Wednesday, March 26, 2008
Sub-prime crisis, dollar depreciation, Credit crunch, US recession, Nosedive of Indian indices, Fed rate cut, rising oil prices….what’s the connection
Currently the financial market through out the world is going through turmoil. It started with the sub-prime crisis. The US banks and financial institutions gave loans to credit unworthy borrowers at high rates. Rising housing prices in the US prompted the borrowers to assume mortgages, thinking that they can refinance at more favorable term later. But the housing bubble which began in 2001 and peaked in 2005 started deflating in 2006. As a result, the sub-prime borrowers defaulted in paying back the loan.

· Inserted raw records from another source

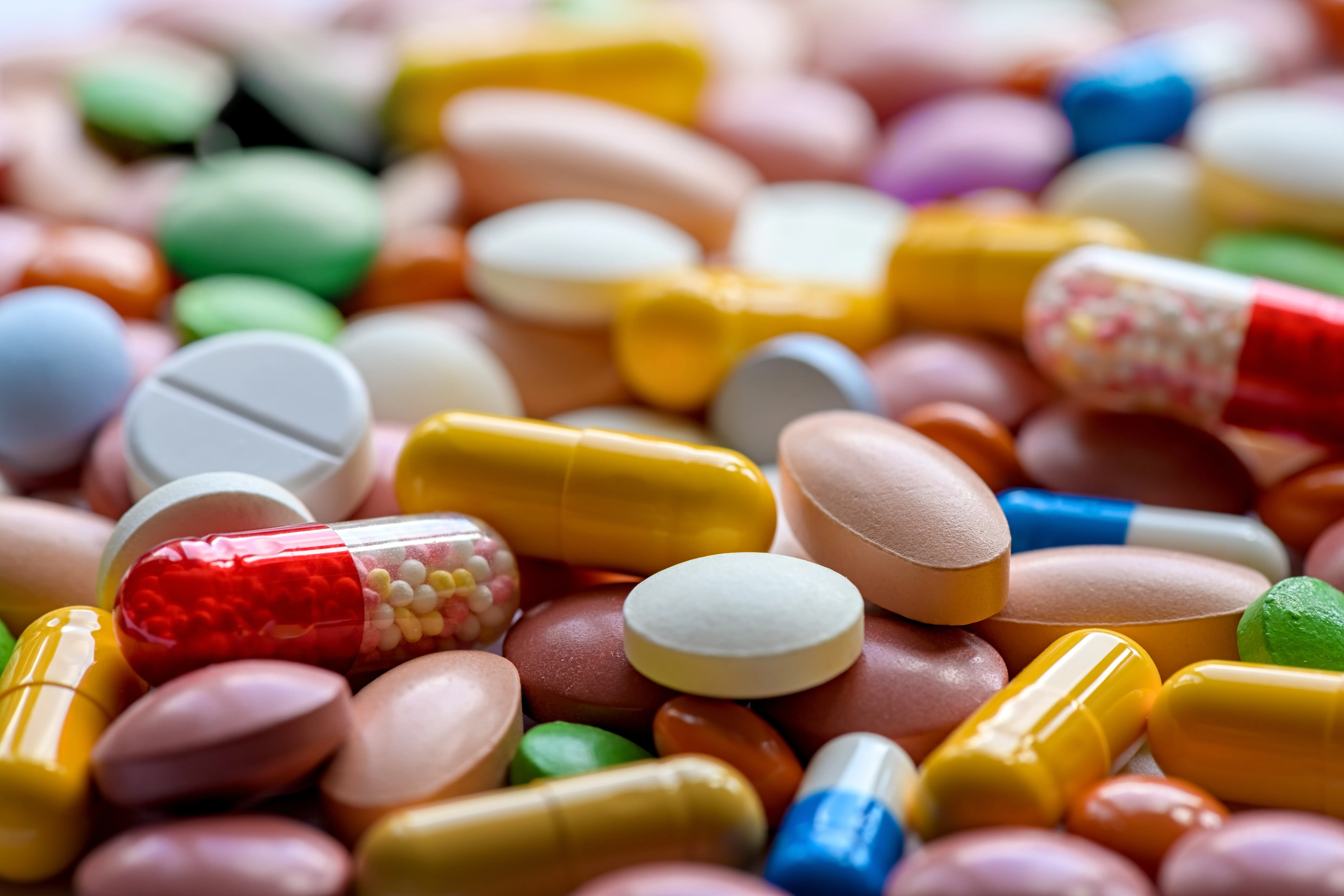Different colorful pills and drugs background. Medicinal tablets capsules pills. Selective focus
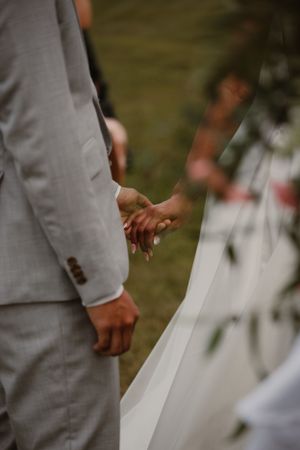 Close-up of couple holding hands during outdoor wedding ceremony.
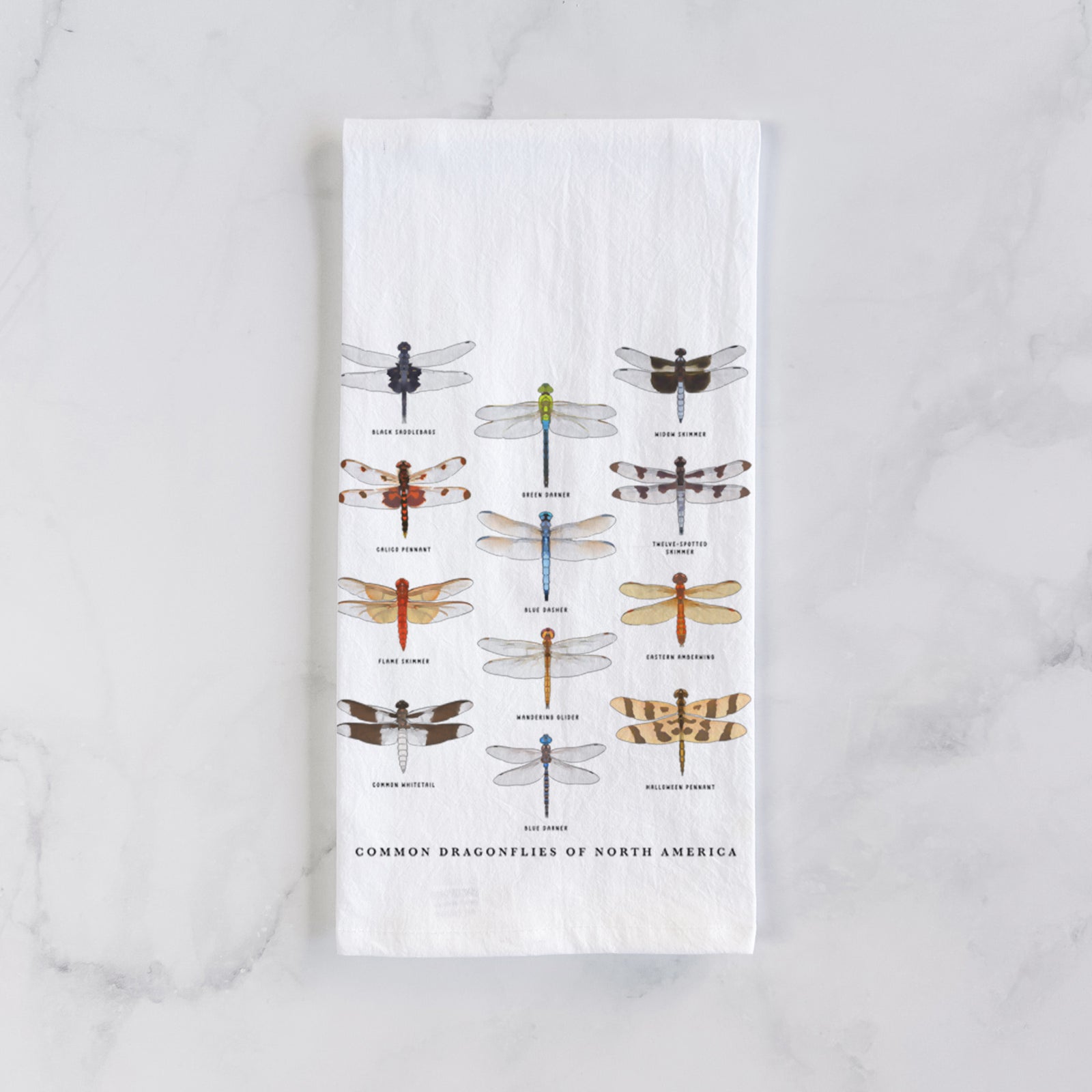 White cotton tea towel printed with a full-color chart of North American dragonflies, each labeled with its species, on a marble counter beside a round wooden cutting board and greenery.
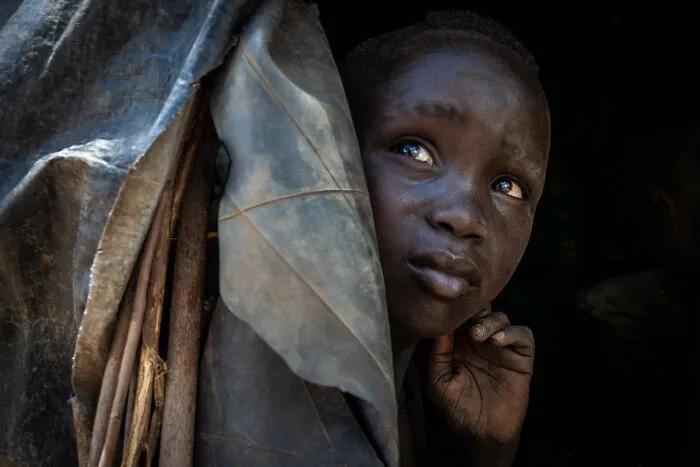A Young Boy Of The Mursi Tribe Photographed At The Entrance To His Very Humble Home, In The Omo Valley, Ethiopia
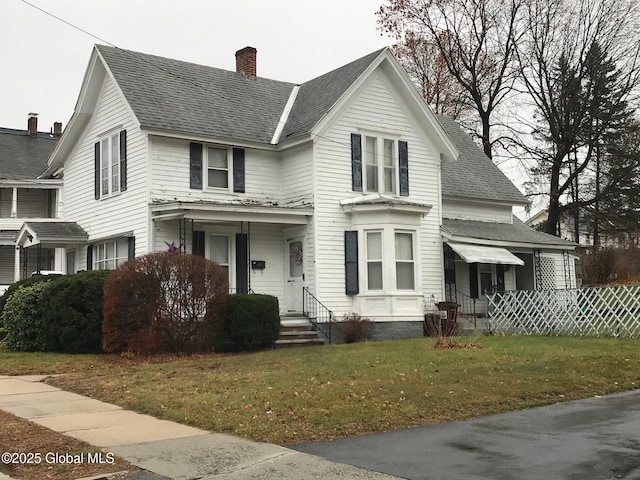24 4th Ave, Gloversville, NY 12078 - view of front of home with a front yard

They were either unable (as the interest rate was high) or unwilling to pay resulting in foreclosure (taking over of the property by the lender). The bank and other financial institutions, i.e. the mortgage lenders securitized the mortgage payments and credit/default risk and passed it to third party investors via Mortgage Back Securities (MBS) and Collateralized Debt Obligation (CDO) to corporate, individual and institutional investors spread across the globe. As the value of the mortgage assets declined, these investors faced significant losses. Major Banks and financial institutions around the world have reported losses of U.S. $170 billion as of February 2008. Bear Stearns, the Wall Street invest bank is one of the prominent examples.